Cash and cash equivalents

Cash and cash equivalents

We consider non-restricted short-term investments, which are highly liquid, readily convertible into cash, and have original maturities of less than three months to be cash equivalents for purposes of the consolidated statements of cash flows. A substantial portion of the Company’s cash and cash equivalents is invested in tax-exempt money market funds managed by the Company’s principal bank. The Company maintains cash balances in bank accounts that normally exceed FDIC insured limits. The Company has not experienced any losses related to its cash concentration.

Marketable securities

Marketable securities

As of December 31, 2015, the Company’s marketable securities consisted of municipal bonds, money market funds and corporate bonds. We classify our marketable securities as trading or available-for-sale. The Company had no trading marketable securities at December 31, 2015 and 2014. The Company classifies municipal bonds, money market funds, and corporate bonds as available for sale. They are reported at fair value with unrealized gains and losses, net of taxes, shown as a component of accumulated other comprehensive (loss) income in stockholders’ equity. Management considers available evidence in evaluating potential impairment of investments, including the duration and extent to which fair value is less than cost and the Company’s ability and intent to hold the investments. In the event a loss is determined to be other-than-temporary, the loss will be recognized in the consolidated statements of operations.

Restricted marketable securities

Restricted marketable securities

At December 31, 2015, restricted marketable securities consisted of money market funds, certificates of deposit, U.S. Treasuries, municipal bonds, and corporate bonds with maturities generally from 180 days to two years (see Notes 3, 4 and 6). At December 31, 2015, the approximate fair value of restricted marketable securities equaled their approximate amortized cost. Restricted marketable securities have been categorized as available-for-sale. They are reported at fair value with unrealized gains and losses, net of taxes, shown as a component of accumulated other comprehensive income (loss) in stockholders’ equity. Realized gains and losses on sales of restricted marketable securities are included in other income (expense) as other, net in our consolidated statements of operations.

Allowance for doubtful accounts

Allowance for doubtful accounts

The Company had an allowance for doubtful accounts of $268,000 and $291,000 at December 31, 2015 and 2014, respectively. We make estimates of the collectability of our accounts receivable for services provided to our customers. Management analyzes historical bad debts, customer concentrations, customer credit-worthiness, current economic trends and changes in customers’ payment trends when evaluating the adequacy of the allowance for doubtful accounts. If the financial condition of our customers deteriorates, resulting in an impairment of their ability to make payments, additional allowances may be required.

Our allowance for doubtful accounts activity is summarized as follows (in thousands):

 

     2015      2014      2013  

Balance at January 1,

        

Allowance for doubtful accounts

   $ 291       $ 242       $ 381   

Charges to expense

     116         103         300   

Write-offs of uncollectible accounts, net of recoveries

     (139      (54      (439

Balance at December 31,

        
  

 

 

    

 

 

    

 

 

 

Allowance for doubtful accounts

   $ 268       $ 291       $ 242   
  

 

 

    

 

 

    

 

 

Income taxes

Income taxes

Our income taxes are accounted for using an asset and liability approach. This requires the recognition of deferred tax assets and liabilities for the expected future tax consequences of temporary differences between the financial statement and tax basis of assets and liabilities at the applicable tax rates. A valuation allowance is recorded against deferred tax assets if, based on the weight of the available evidence, it is more likely than not that some or all of the deferred tax assets will not be realized. The factors used to assess the likelihood of realization include the Company’s forecast of the reversal of temporary differences, future taxable income and available tax planning strategies that could be implemented to realize the net deferred tax assets. Failure to achieve forecasted taxable income in applicable tax jurisdictions could affect the ultimate realization of deferred tax assets and could result in an increase in the Company’s effective tax rate on future earnings.
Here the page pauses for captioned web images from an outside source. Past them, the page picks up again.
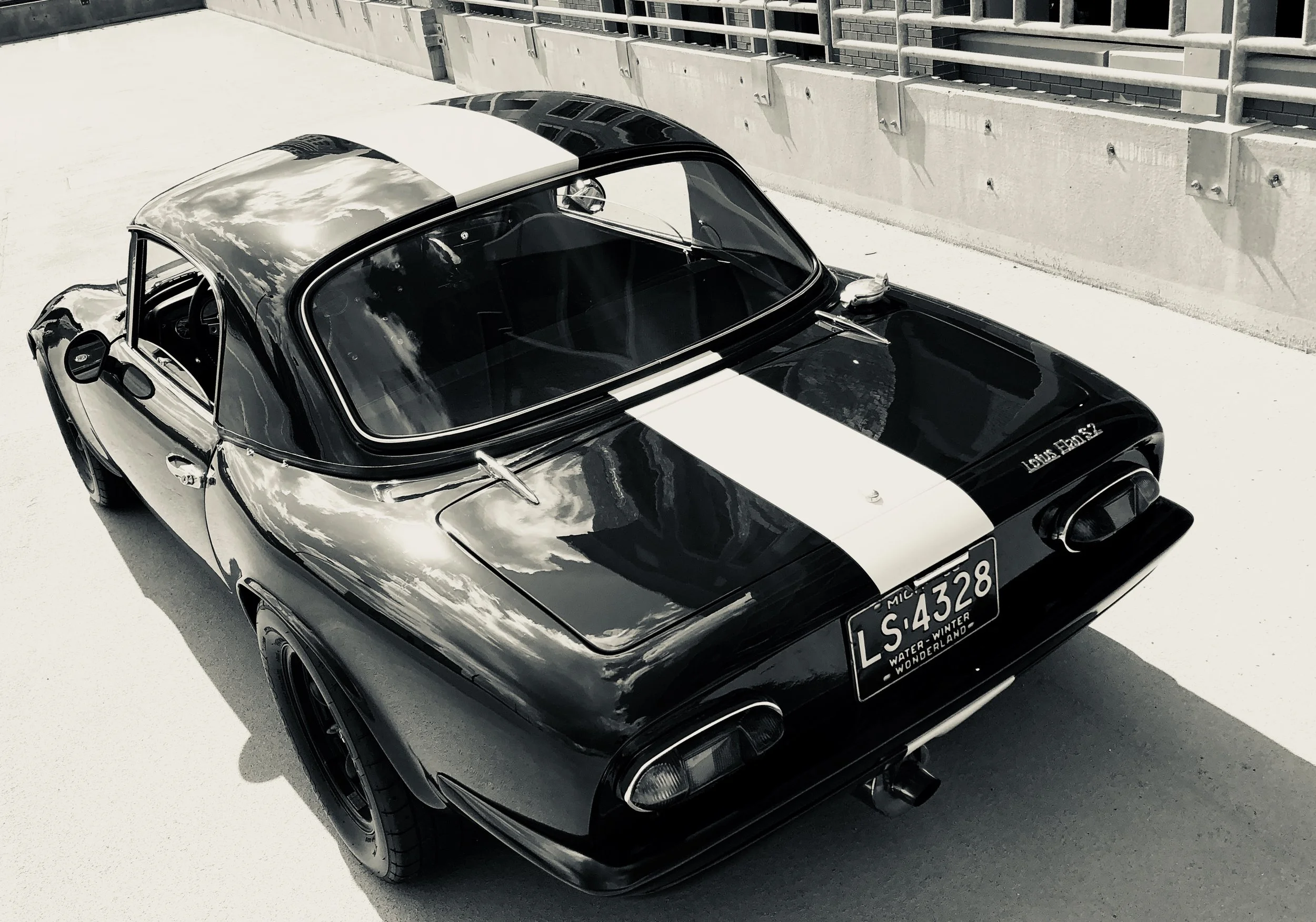 1965 LOTUS ELAN S2 26R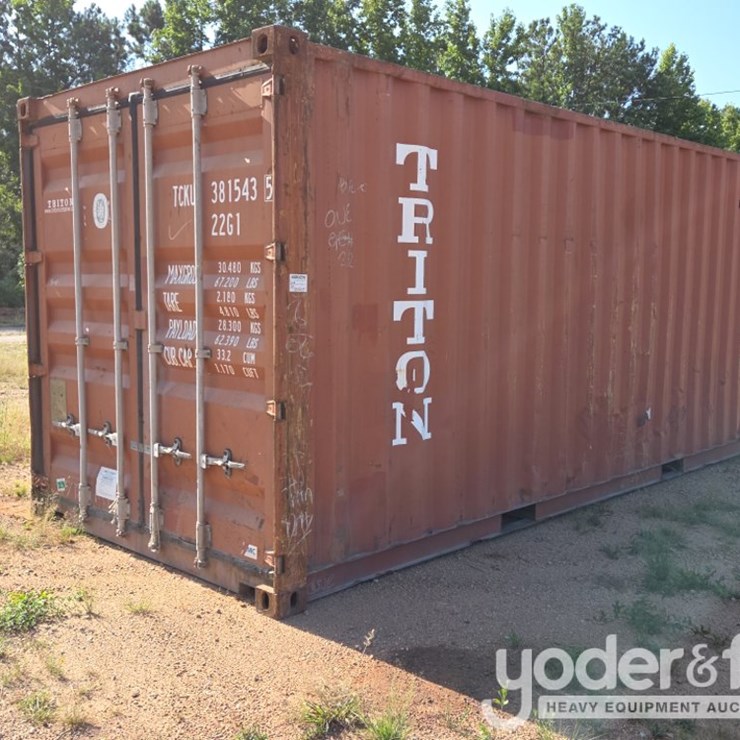 20' Container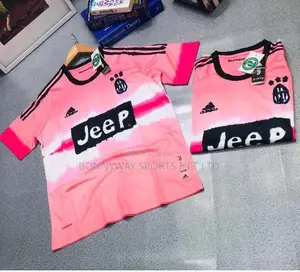 All Club Side Jerseys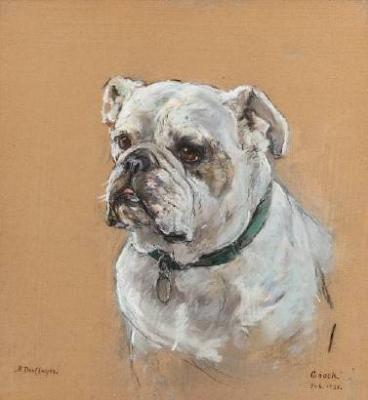 Grock by Alice Des Clayes - Auction record, sale price, and art valuation. Compare with similar artists and explore comparable artworks.
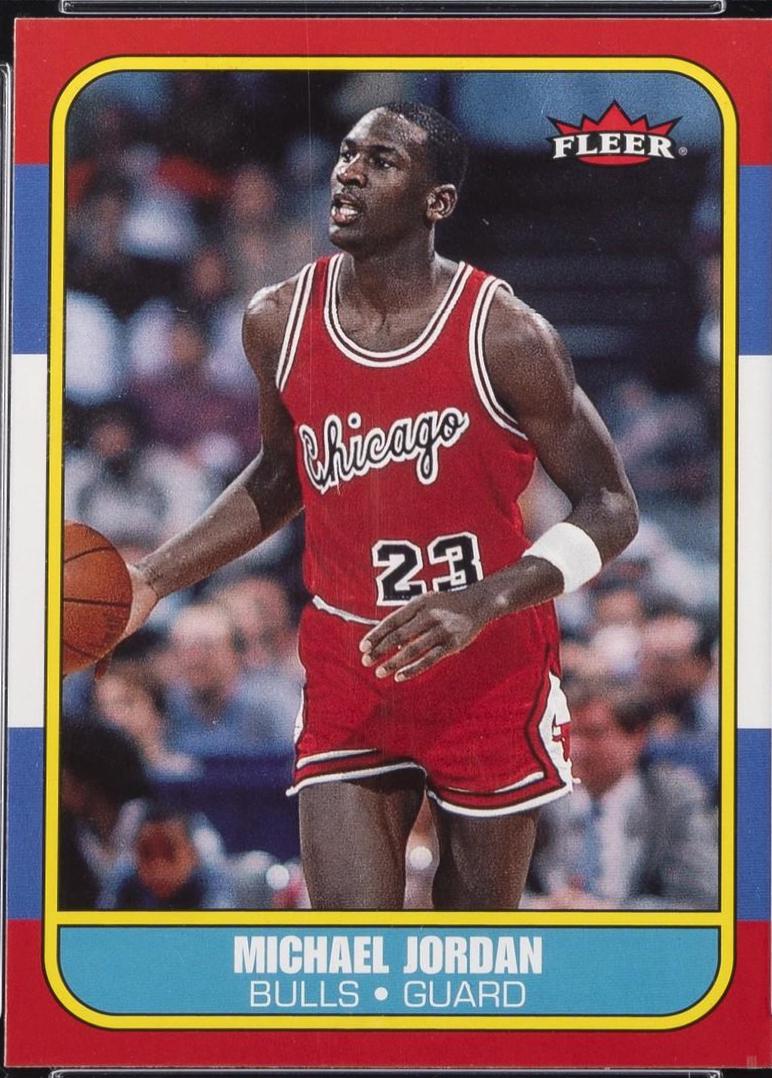 Michael Jordan [20th Anniversary] #57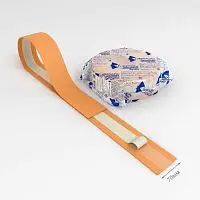 Виброизоляционная демпферная клейкая лента ВиброСорб 70 мм, 20 м.п.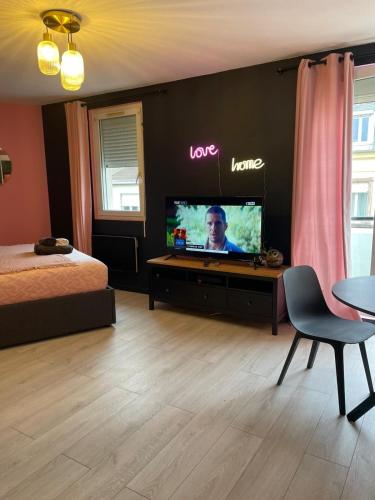 Superb apartment for 4 people, center - auto museum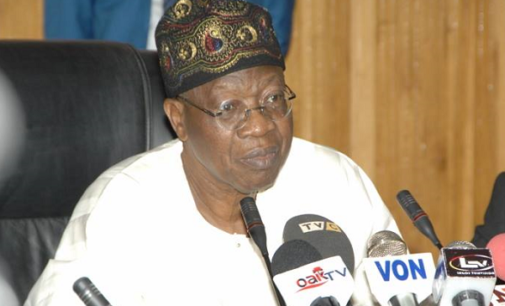 Lai: There was ‘mindless looting’ under GEJ… We’ve just recovered another $151m, N8bn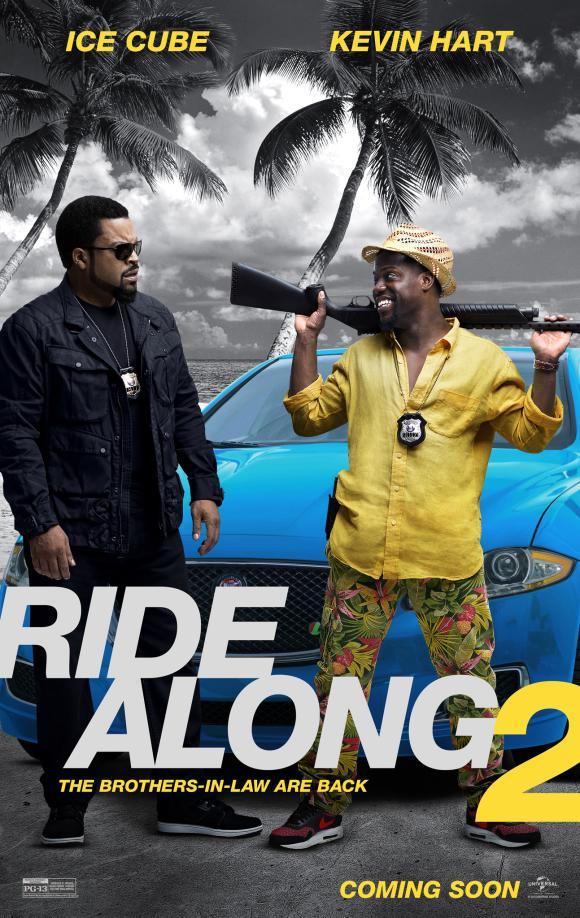 فیلم  Ride Along 2 2016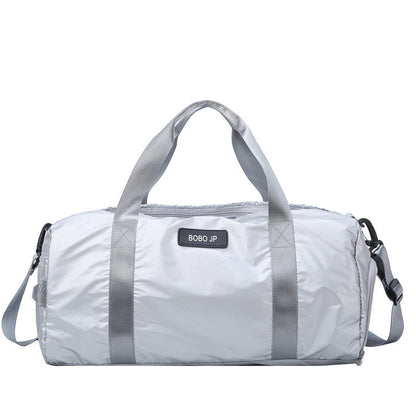 The Voyager Canvas Weekender Bag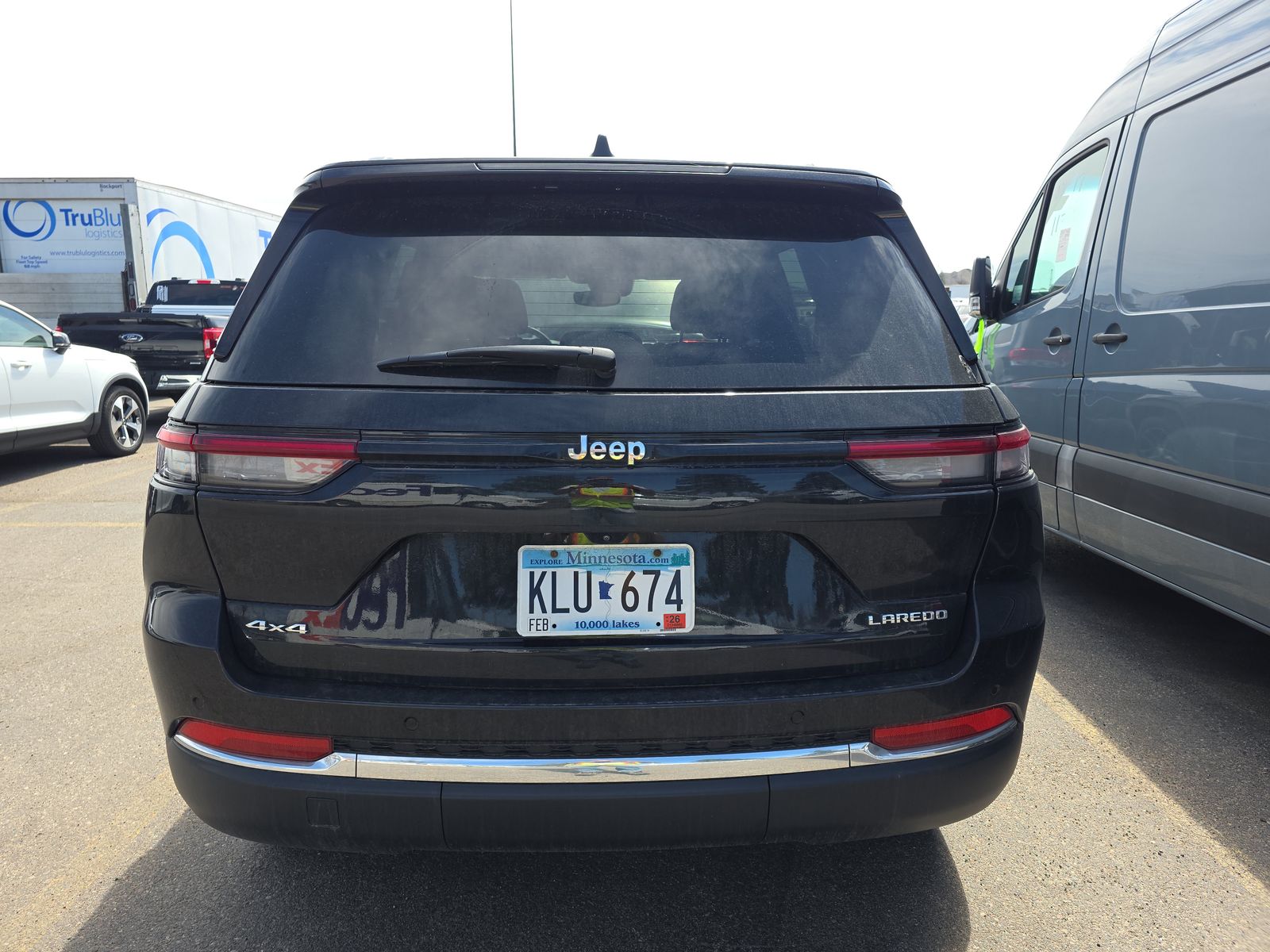 JEEP LAREDO - 6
The determination of our provision for income taxes requires significant judgment, the use of estimates, and the interpretation and application of complex tax laws. Significant judgment is required in assessing the timing and amounts of deductible and taxable items and the probability of sustaining uncertain tax positions. The Company recognizes the tax benefit from uncertain tax positions if it is more likely than not that the tax positions will be sustained on examination by the tax authorities. The tax benefit is measured based on the largest benefit that has a greater than 50% likelihood of being realized upon ultimate settlement. As facts and circumstances change, we reassess these probabilities and record any changes in the consolidated financial statements as appropriate. The Company recognizes interest and penalties related to unrecognized tax benefits in income tax expense.

Business combinations

Business combinations

We account for business combinations using the acquisition method of accounting. Transaction costs incurred in connection with a business combination are expensed as incurred. Changes in deferred tax asset valuation allowances and acquired income tax uncertainties after the measurement period are recognized in earnings.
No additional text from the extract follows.